How do trust funds work?

A trust fund is an estate planning vehicle that holds a person’s assets until the person’s beneficiaries are able to receive them via the terms of the trust. For example, a beneficiary may be able to receive the trust funds upon reaching a certain age or once the previous owner of the trust assets (the grantor) passes away. The grantor’s assets are titled in the name of the trust, and then can be passed on to the trust beneficiaries.

It is important to make sure the transfer of ownership from the grantor to the trust happens before the grantor’s death. An empty trust offers nothing to distribute to the trust beneficiaries. Trusts also have the advantage of bypassing the probate process.

What kind of assets can be included in a trust?

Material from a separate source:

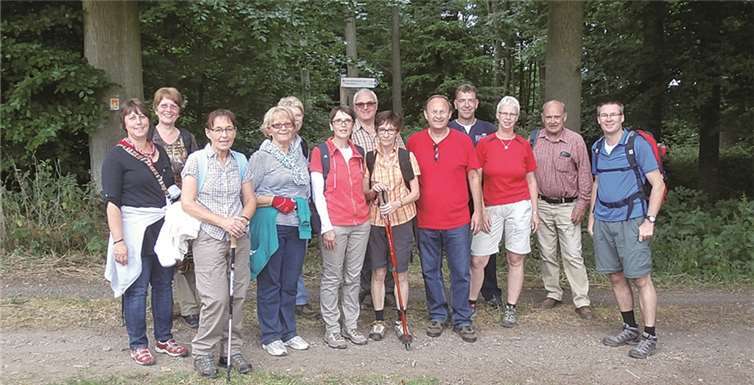 Die Teilnehmer wanderten den „Schwalberstieg“ entlang. privat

Trusts can hold a variety of assets. Some examples include family heirlooms, jewelry, real estate, stocks and bonds. If you wish to include an automobile or life insurance policy in a trust, it is important to consult with a professional first. It is not advisable for retirement accounts to be placed in a trust, as retirement accounts already have beneficiaries named to them and already bypass probate.

Learn more about trusts and estate planning

Trusts can be a useful estate planning vehicle, but it is important to ensure you understand what they accomplish and how they can help you before proceeding. This post is for educational purposes only and does not contain legal advice. Those who want to learn more about trusts are encouraged to explore our firm’s website for further information.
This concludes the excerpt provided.